- [Exercise goal]
Skip the pictures. Output only the lines below starting at the line with "Entebbe Hotel | Grik Hotel - Entebbe" and ending at the line with "Tragédia na BR-101: Mulher", both ends included, exactly as they are.

- [Records for this task]
--------

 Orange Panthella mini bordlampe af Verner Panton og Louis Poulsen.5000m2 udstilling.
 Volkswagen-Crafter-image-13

--------

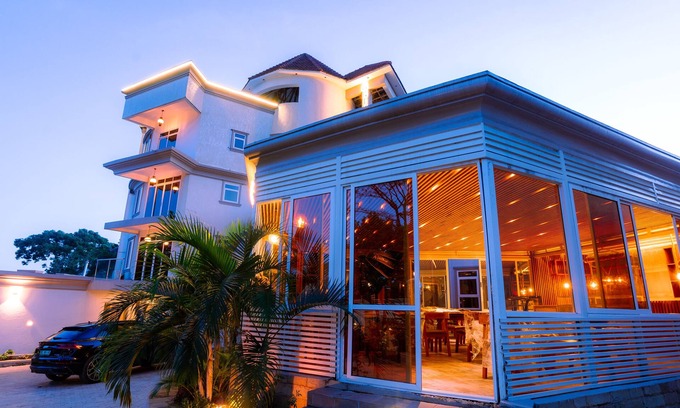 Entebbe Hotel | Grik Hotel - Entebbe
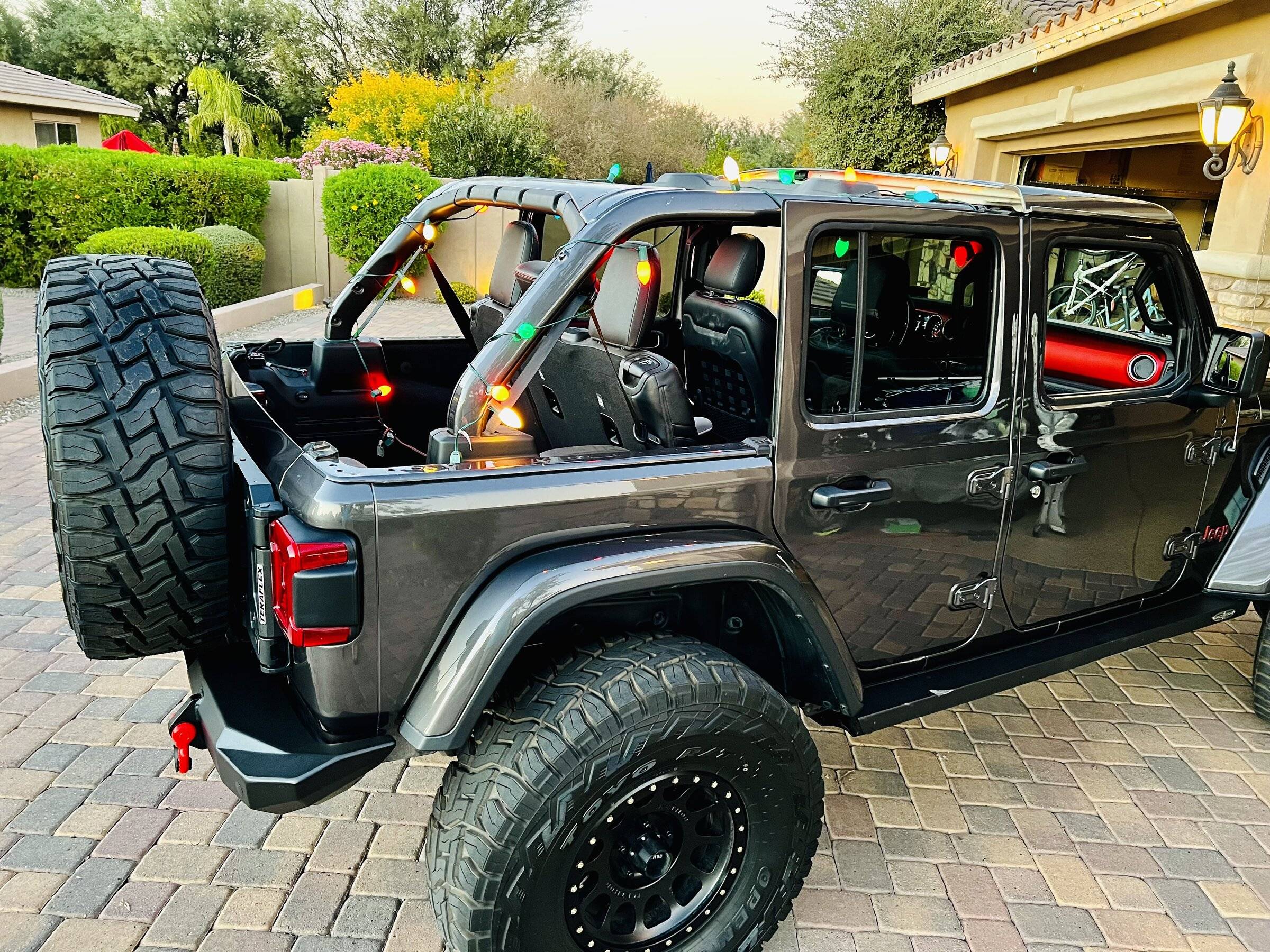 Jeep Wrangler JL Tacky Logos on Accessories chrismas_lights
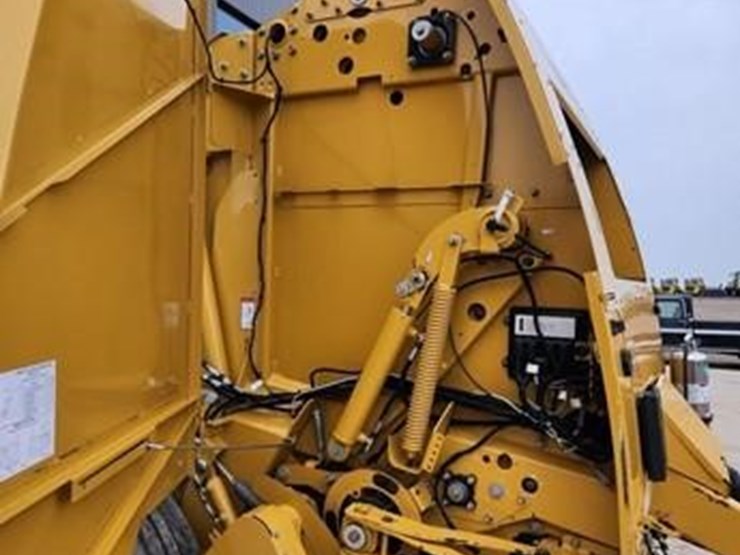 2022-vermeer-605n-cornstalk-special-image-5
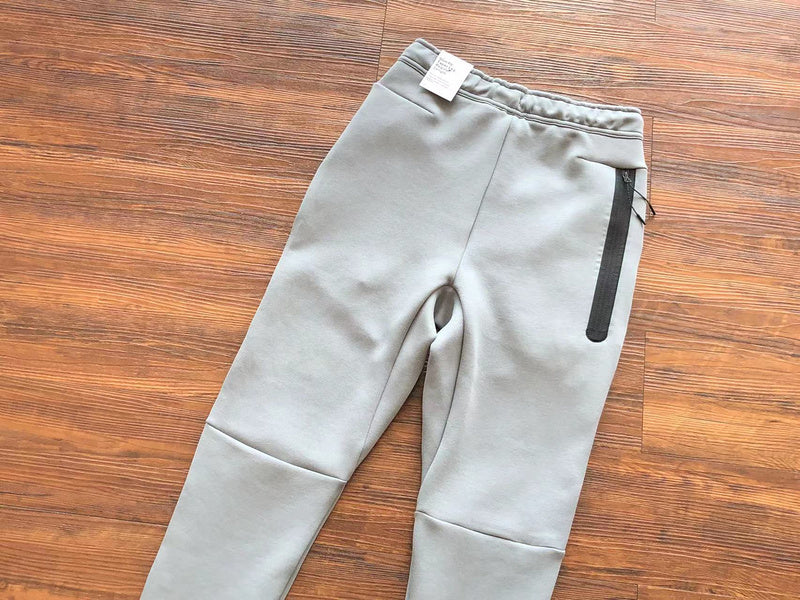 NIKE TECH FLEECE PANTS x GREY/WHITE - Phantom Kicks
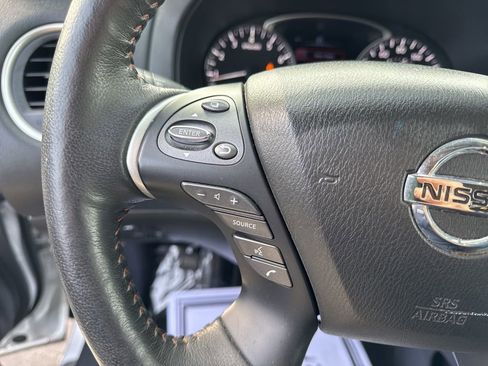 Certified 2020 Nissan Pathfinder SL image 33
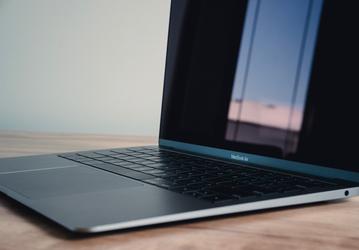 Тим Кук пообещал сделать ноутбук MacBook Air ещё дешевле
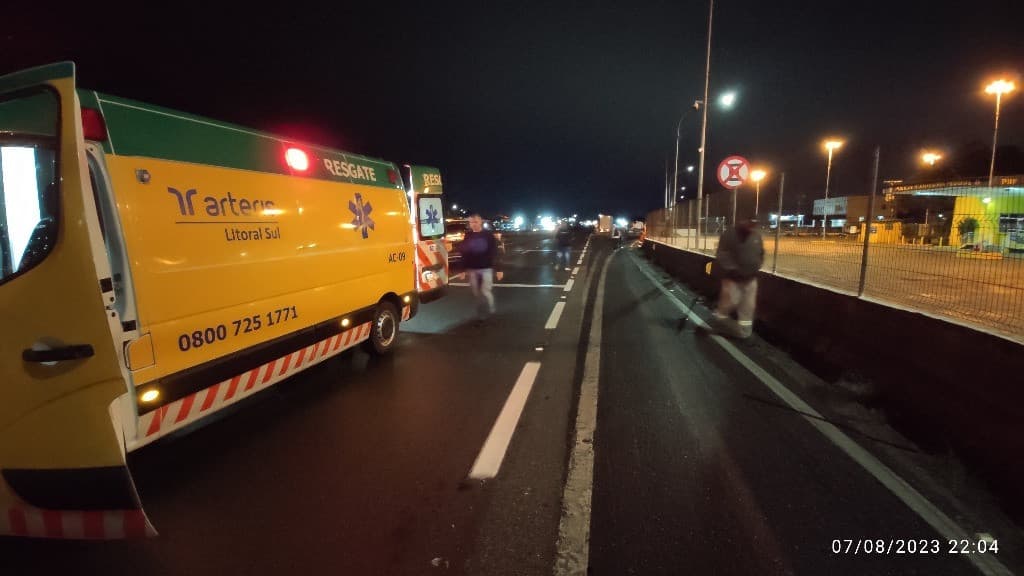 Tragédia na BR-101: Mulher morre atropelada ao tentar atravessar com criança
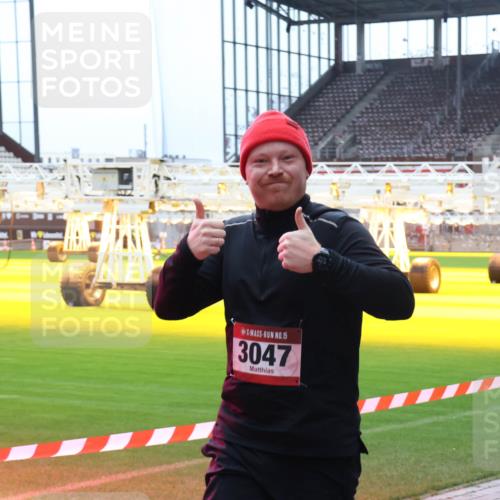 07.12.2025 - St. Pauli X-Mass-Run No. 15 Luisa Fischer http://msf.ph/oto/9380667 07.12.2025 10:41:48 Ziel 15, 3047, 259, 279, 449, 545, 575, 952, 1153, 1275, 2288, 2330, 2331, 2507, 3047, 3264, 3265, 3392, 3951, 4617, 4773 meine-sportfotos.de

--------

- [Output of the exercise]
 Entebbe Hotel | Grik Hotel - Entebbe
 Jeep Wrangler JL Tacky Logos on Accessories chrismas_lights
 2022-vermeer-605n-cornstalk-special-image-5
 NIKE TECH FLEECE PANTS x GREY/WHITE - Phantom Kicks
 Certified 2020 Nissan Pathfinder SL image 33
 Тим Кук пообещал сделать ноутбук MacBook Air ещё дешевле
 Tragédia na BR-101: Mulher morre atropelada ao tentar atravessar com criança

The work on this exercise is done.